En medio de uno de los capítulos más controversiales de la educación superior en el Caribe colombiano, Silvia Gette Ponce se pronunció tras su retorno a la rectoría de la Universidad Autónoma del Caribe, afirmando que los procesos judiciales en su contra fueron injustos y, según sus palabras, “armados”.

El regreso de Gette se da luego de que un fallo judicial ordenara el restablecimiento de sus derechos, decisión que fue acatada por la institución, abriendo paso a una transición administrativa en medio de un ambiente marcado por tensiones internas y debates jurídicos.

En declaraciones recientes, la directiva cuestionó el desarrollo de los procesos legales que durante años la apartaron del cargo, asegurando que su situación fue producto de decisiones que no reflejaron la realidad de los hechos. Con este pronunciamiento, Gette busca reivindicar su imagen y reafirmar su intención de retomar el rumbo institucional.

El caso de la exrectora ha sido uno de los más complejos dentro del ámbito universitario en Colombia. Su nombre estuvo vinculado durante años a investigaciones judiciales que generaron un fuerte impacto en la gobernabilidad de la universidad, llevando incluso a la intervención del Estado y a la implementación de medidas de vigilancia por parte del Ministerio de Educación.

La decisión que permitió su retorno también ha generado reacciones divididas dentro de la comunidad académica. Mientras algunos sectores respaldan el fallo judicial como una reivindicación de sus derechos, otros han manifestado preocupación por las implicaciones institucionales y legales que podría tener su regreso en una universidad que ha atravesado una prolongada crisis administrativa.

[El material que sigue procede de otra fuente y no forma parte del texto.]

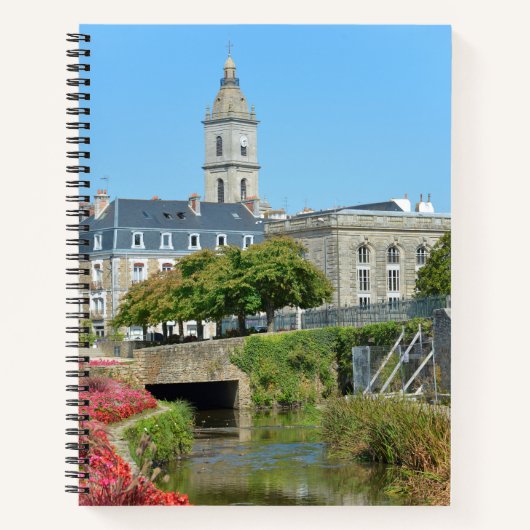 Kanal und Kirche in Vannes Postcard Me Notizblock (Vorderseite)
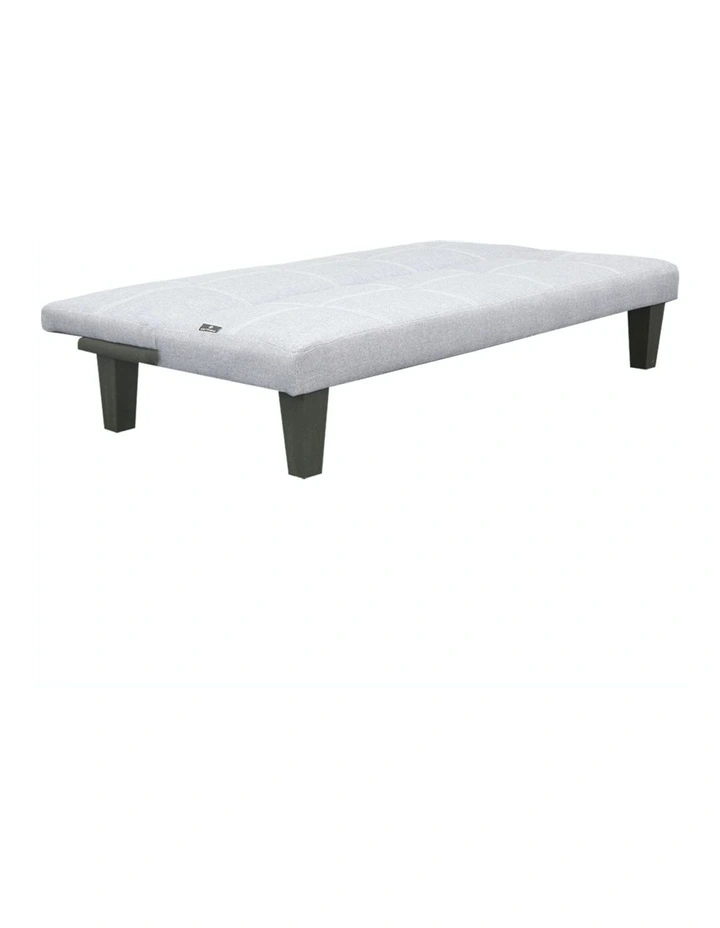 2 Seater Modular Linen Fabric Sofa Bed Couch Light Grey image 2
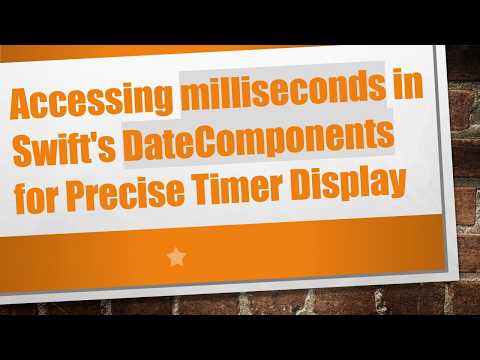 Accessing milliseconds in Swift's DateComponents for Precise Timer Display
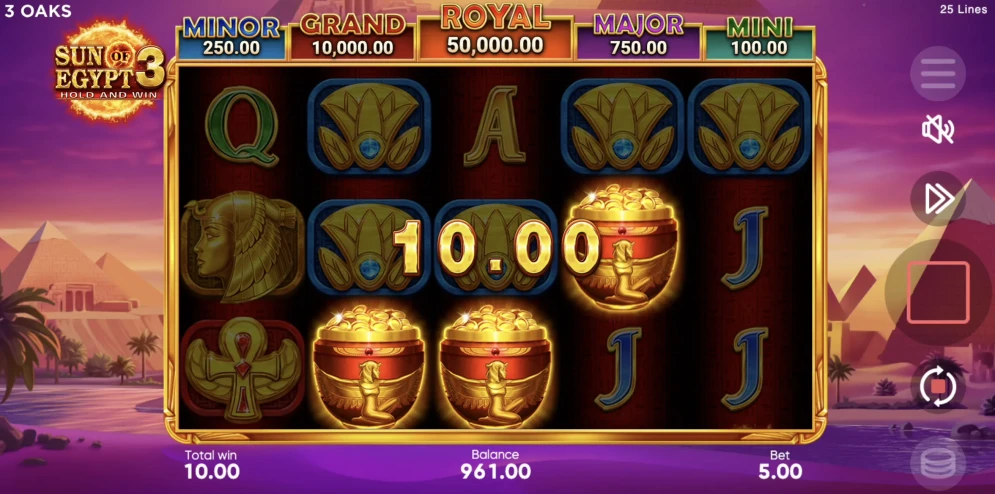 Sun of Egypt 3 Slot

En este contexto, el actual rector saliente, Jorge Senior, había advertido previamente que acudiría a mecanismos legales para controvertir la decisión, argumentando posibles irregularidades en el proceso y la necesidad de garantizar la estabilidad de la institución.

A pesar de las controversias, la universidad anunció que avanzará en una transición ordenada que permita garantizar la continuidad académica y administrativa, en cumplimiento de las decisiones judiciales vigentes.

El regreso de Silvia Gette no solo reabre un debate jurídico, sino que también marca un nuevo capítulo en la historia de la Universidad Autónoma del Caribe, una institución que continúa buscando estabilidad tras años de crisis. Mientras tanto, el país observa con atención cómo se desarrollará esta nueva etapa, en la que convergen decisiones judiciales, disputas internas y el reto de recuperar la confianza en uno de los centros educativos más representativos de la región Caribe.